If using fresh grape leaves, immerse them for 2 to 3 minutes in boiling, salted water, then place them in a bowl of water with ice to cool. The ice will also preserve the vibrant green of the leaves. With a sharp knife, remove the stems of the leaves, then pat dry with kitchen towels. 

If using jarred grape leaves in brine, rinse and drain them well, then pat dry with kitchen towels.

Rinse the rice in cold water a couple of times and drain well.

In a small saucepan over low heat, sauté the onion and garlic in olive oil, stirring often, until soft, about 10 minutes. Add the rice and water. Cover with a lid, and let simmer until the rice is parboiled, about 10 minutes. Stir in the chopped herbs and lemon zest, plus salt and pepper to taste. Remove from heat and let rest for 10 minutes before assembling the rolls. 

To roll a dolma, place a grape leaf on a flat surface with the shiny side down. Scoop a teaspoon of rice filling and place it next to the bottom (stem) end of the leaf. Start rolling the dolma from this end, up toward the center, and stop in the middle. Fold the sides over the rice filling and continue rolling up tightly. Transfer to a platter, with the seam tucked underneath, while you repeat with the remaining grape leaves and filling.

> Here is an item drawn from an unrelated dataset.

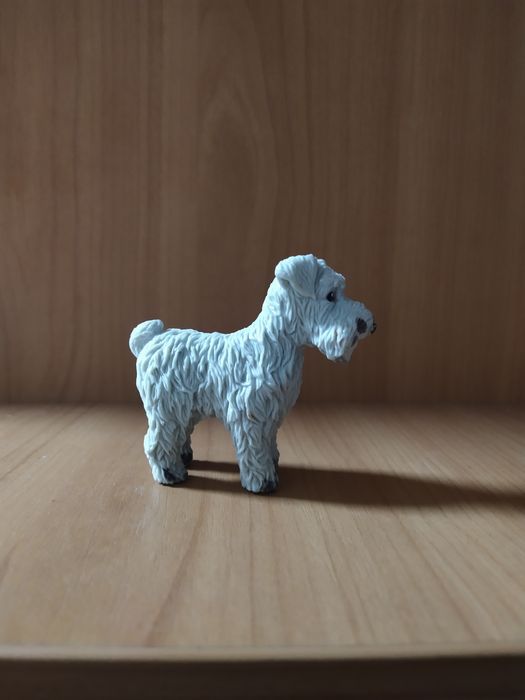 Фигурки "Дисней" метал и пластик , цены разные от 50 до200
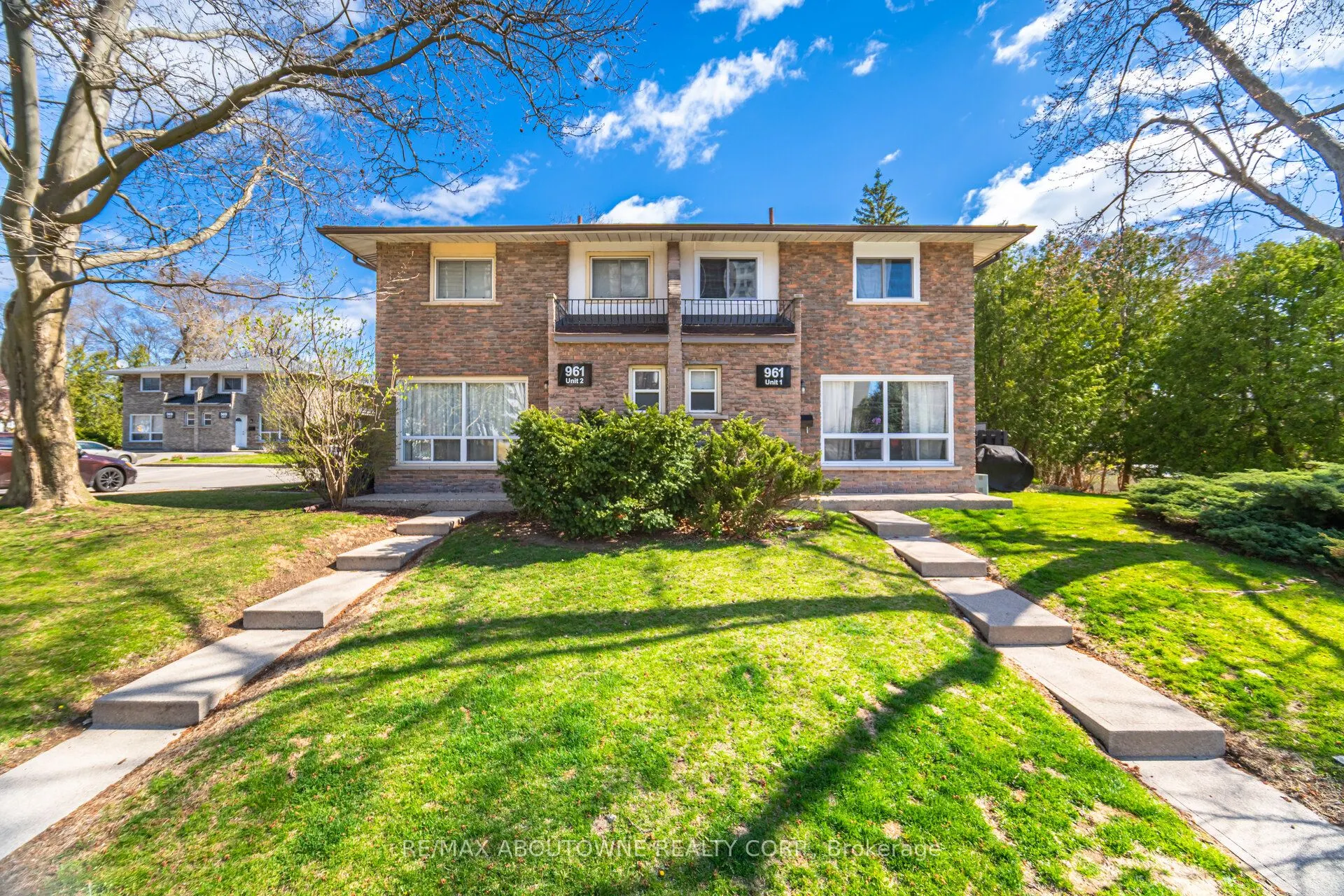 961 Francis Road, #4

Layer the bottom of a wide, deep skillet with some torn grape leaves, and drizzle with olive oil and lemon juice. Arrange the dolmades, seam-side down, in the skillet in tight rows, layering them as needed until you have all the rolls snuggly fit in. Drizzle the top layer generously with more olive oil and lemon juice (the cooking will cut the acidity). Season with salt and pepper to taste.

Place an inverted plate on top of the dolmades to keep them tightly in place. Add warm water or broth to the skillet to a level about 1 inch above the top of the dolmades, so they are entirely covered. Bring to a boil, then cover and simmer over low heat for an hour. 

Remove from heat and let the dolmades cool in the skillet before removing the plate. Serve cold or at room temperature, with yogurt or tzatziki for dipping. 

You can freeze leftover dolmades for up to six months.